NEW YORK (AP) – Prosecutors once again portrayed Harvey Weinstein as a onetime Hollywood power player who used his sway as a tool of sexual assault, painting a now-familiar picture Tuesday at a rape retrial nearly eight years after the former movie tycoon’s arrest.
Harvey Weinstein’s rape retrial opens in New York, the third time this case has gone to trial
NEW YORK (AP) - Prosecutors once again portrayed Harvey Weinstein as a onetime Hollywood power player who used his sway as a tool of sexual assault, painting a now-familiar picture Tuesday at a rape retrial nearly eight years after the former movie tycoon's arrest.
"This case will come down to power, to control and to manipulation," Manhattan Assistant District Attorney Candace White told jurors as opening statements began in the bellwether #MeToo case, with DA Alvin Bragg watching from the audience.
Weinstein lawyer Jacob Kaplan countered that the case actually "is about consent, about choice and about regret," echoing the ex-studio head's longtime defense that his accuser has recast a willing encounter as a crime.
Since Weinstein became a major target of the #MeToo movement against sexual misconduct nearly a decade ago, he has been convicted of some sexual assault charges and acquitted of others in trials on two U.S. coasts. But the rape charge involving a 2013 encounter in a Manhattan hotel has lingered, due to an overturned conviction followed by a jury deadlock.
Weinstein has pleaded not guilty and denies ever having nonconsensual sex. He said in court in this winter that he had been unfaithful to his then-wife and "acted wrongly, but I never assaulted anyone."
The jury - seven men and five women - was selected over several days last week. Weinstein's last New York jury was majority-female, but his first was mostly male.
The current jurors were questioned about, among other things, their familiarity with Weinstein and whether they could be fair and impartial regardless of what they might have heard.
Now a 73-year-old prison inmate, Weinstein was once one of the most influential people in Hollywood. An Academy Award-winning producer and a studio boss, he helped bring such acclaimed films as "Pulp Fiction," "Shakespeare in Love" and "Gangs of New York" to movie houses and the popular reality series "Project Runway" to TV. He also was a prominent Democratic donor.
His career collapsed in 2017, when decades of Hollywood whispers about his behavior toward women became public accusations in news and social media. Criminal charges followed in New York and Los Angeles.
His accuser in this trial, Jessica Mann, was a 27-year-old hairstylist hoping to break into big-time acting when she met Weinstein at a Los Angeles-area party in early 2013.
She has testified that she was looking for a professional connection but ended up, ambivalently, in a consensual relationship with the then-married Weinstein.
During a New York trip with a friend in March 2013, she arranged a breakfast for both of them with Weinstein, she said at previous trials.

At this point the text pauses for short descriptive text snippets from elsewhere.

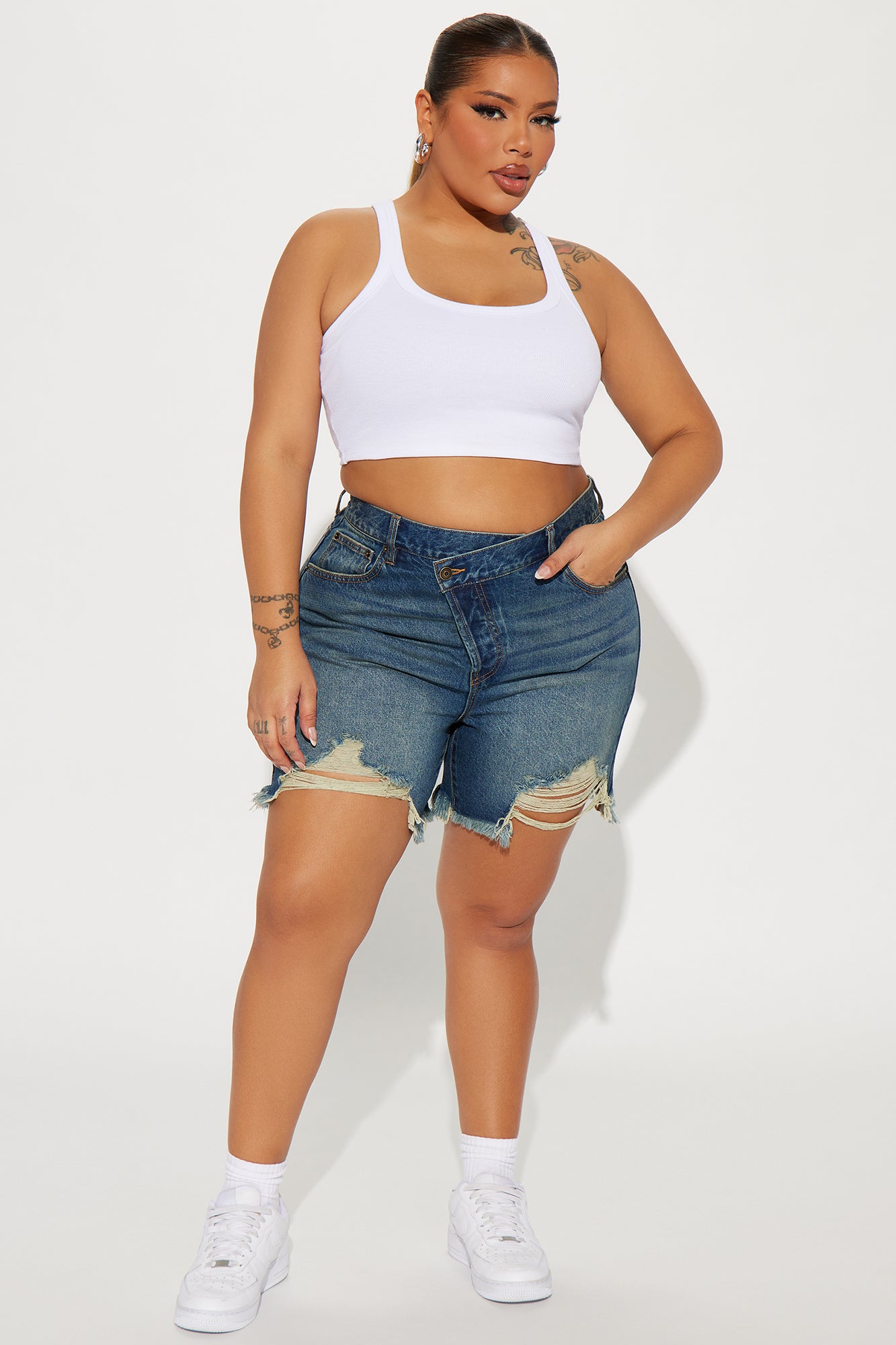 At A Glance Crossover Denim Shorts - Dark Wash - Image 4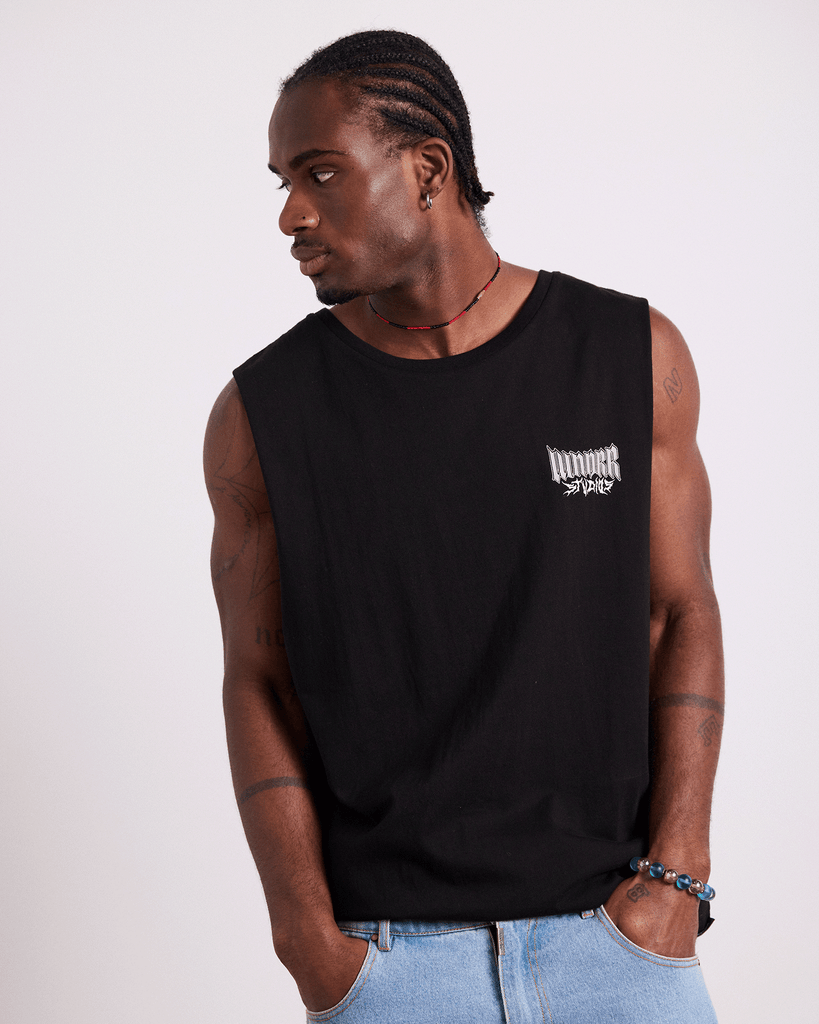WNDRR Tagged Muscle Tank Black detail (placeholder)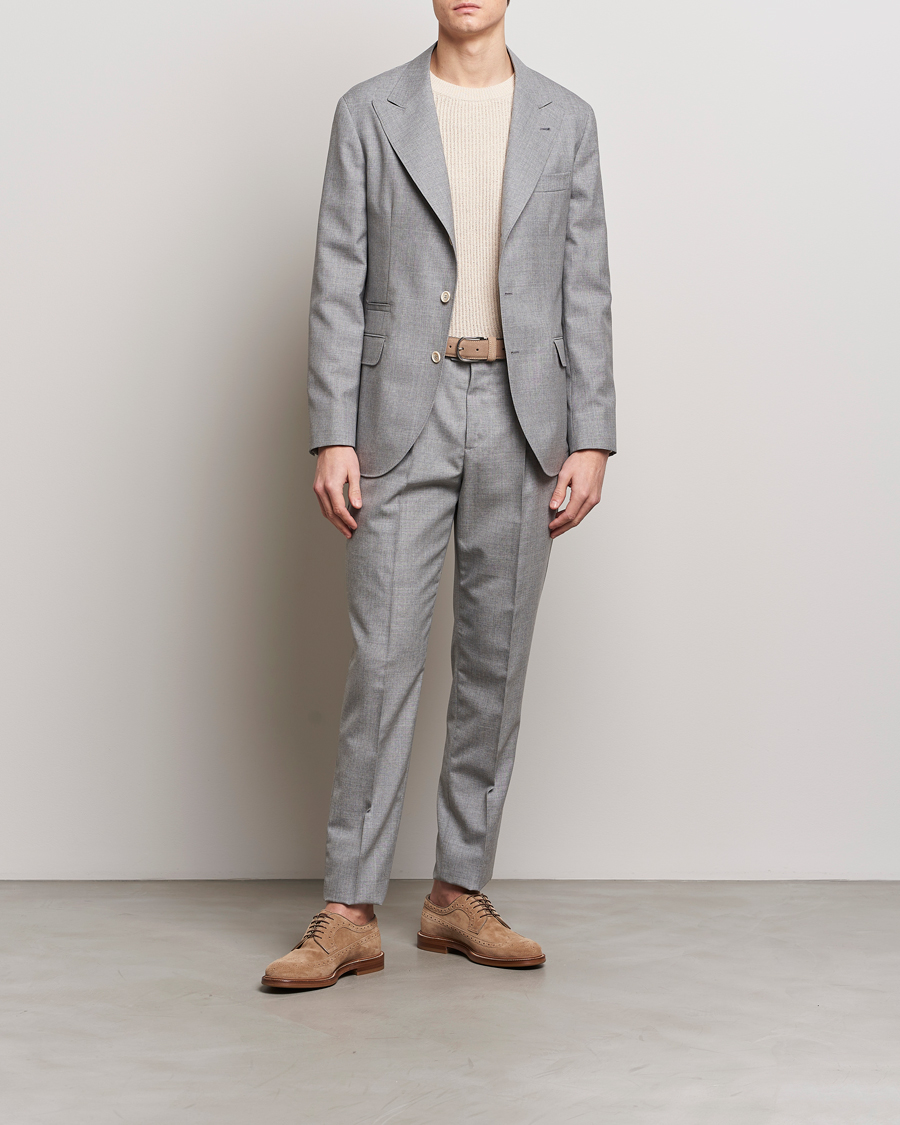 Men | Trousers | Brunello Cucinelli | Pleated Wool Trousers Light Grey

According to Mann's prior testimony, Weinstein ultimately trapped her in a hotel room, ignored her protestation that "I don't want to do this," demanded she undress and grabbed her arms, and she succumbed because she "just wanted to get out."
White told jurors Tuesday that Weinstein "was used to getting his way. He did what he wanted, when he wanted and with whom he wanted," White said, adding: "Behind closed doors, power meant him taking what he wanted from the victim in this case."
Weinstein switched legal teams for this retrial, but his new attorneys are echoing their predecessors' themes. Kaplan emphasized Tuesday that after the alleged rape, Mann kept seeing Weinstein, accepting invitations, asking him for career help and sending warm messages to him.
"Ms. Mann was a strong and capable woman who was able to get what she wanted from Harvey while maintaining a relationship with him. She was not a naive child," Kaplan said. He contended that she reevaluated the relationship and came to regret it years later, but that "does not remove consent."
The Associated Press does not identify people who say they have been sexually assaulted, unless they agree to be named, as Mann has done.
The trial is expected to take up to four weeks.